De wettelijke regeling van de loonsanctie in de Wet WIA en het BW verplicht de werkgever bij instandhouding van de arbeidsovereenkomst het naar tijdruimte vastgestelde loon zoals bepaald in artikel 7:629, eerste lid van het BW, voort te zetten. De instandhouding van de door de werkgever en de werknemer gesloten overeenkomst brengt mee dat er een rechtstreeks verband is met de opgelegde loonsanctie voor zover het gaat om betalingen waartoe de werkgever uit hoofde van die overeenkomst gedurende het derde ziektejaar verplicht was. Het gaat daarbij om betalingen die voortvloeien uit afspraken die werkgever en werknemer hebben gemaakt over de verplichtingen en inspanningen van de werkgever die zullen gelden in het derde ziektejaar en die voldoende concreet zijn en door de werknemer zijn af te dwingen. Voor zover het gaat om betalingen in verband met de voortzetting van het dienstverband waartoe de werkgever zich in het kader van de arbeidsovereenkomst niet heeft verplicht, kan het UWV worden gevolgd in de opvatting dat die betalingen niet hun oorzaak vinden in de opgelegde loonsanctie. Voor zover de werkgever in het derde ziektejaar betalingen heeft verricht waartoe hij niet op grond van een individuele of (algemeen verbindend verklaarde) collectieve arbeidsovereenkomst gehouden was of die niet rechtstreeks voortvloeien uit zijn re-integratieverplichtingen kan in het geval van een ten onrechte opgelegde loonsanctie niet worden gezegd dat wat betaald is een op het UWV te verhalen schadepost is.
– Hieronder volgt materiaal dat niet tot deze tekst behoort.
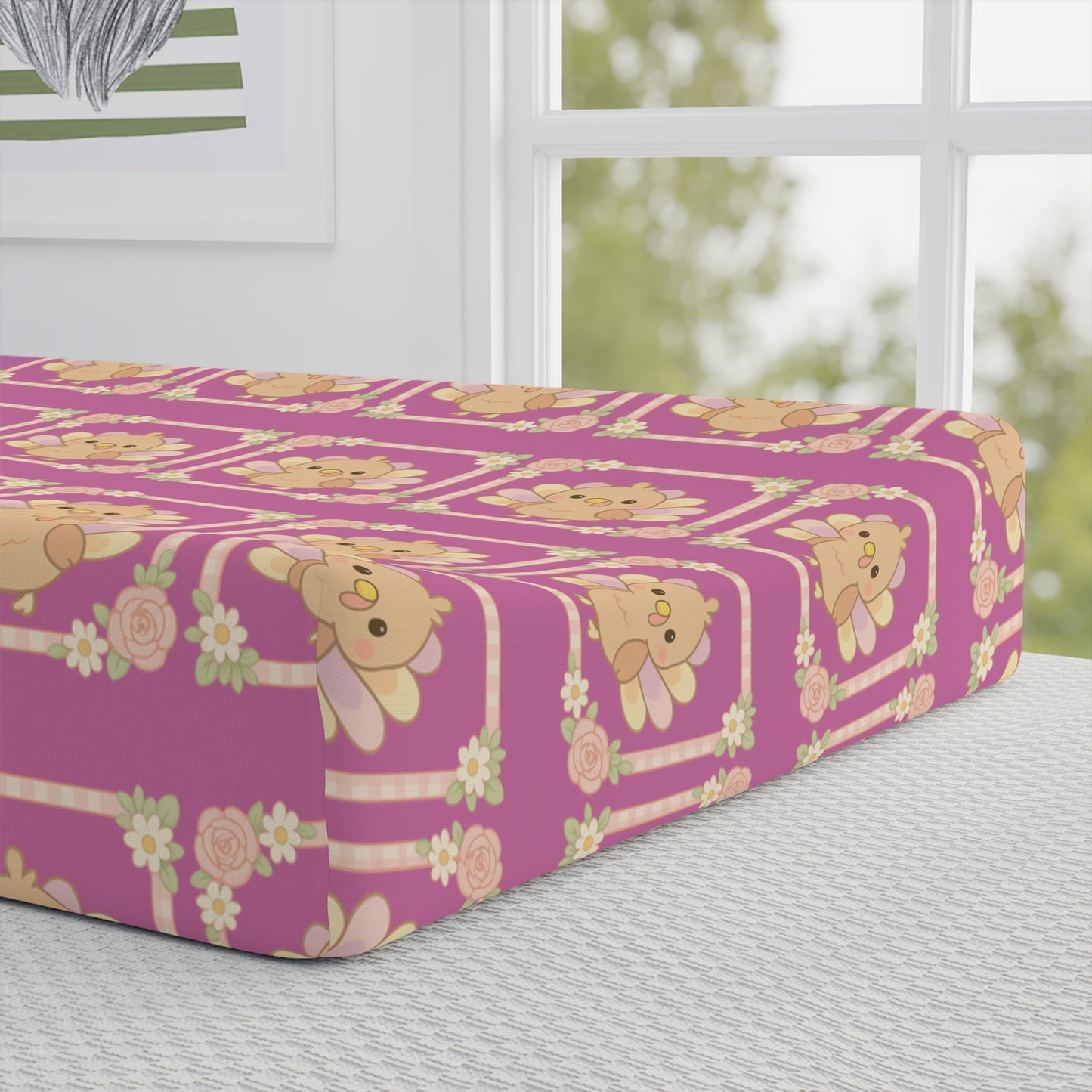 Changing Pad Cover — Personalized Pink Lion Nursery Pattern (Name: Lydia)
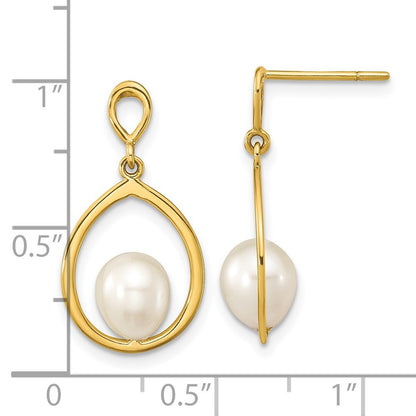14k Yellow Gold 6-7mm White Teardrop Freshwater Cultured Pearl Dangle Earrings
Dit betekent dat in 12/5006 WIA-S, ECLI:NL:CRVB:2015:4452 niet wordt voldaan aan het vereiste om de betaalde aanvulling boven 70% van het loon als aan het UWV toe te rekenen schade te beschouwen.
Het verzoek om schadevergoeding in 13/5796 WIA-S, ECLI:NL:CRVB:2015:4236 wordt toegewezen tot de bedragen van de premie van de WGA-hiaatverzekering en ANW-gatverzekering, alsmede het bedrag aan reiskosten dat aan werknemer is betaald in het loonsanctiejaar.
De Centrale Raad van Beroep is de hoogste rechter op het gebied van het sociale bestuursrecht, het ambtenarenrecht en delen van het pensioenrecht.
Dit is een nieuwsbericht op basis van de genoemde uitspraak van de Centrale Raad van Beroep. Bij verschil tussen dit nieuwsbericht en de volledige uitspraak is laatstgenoemde beslissend.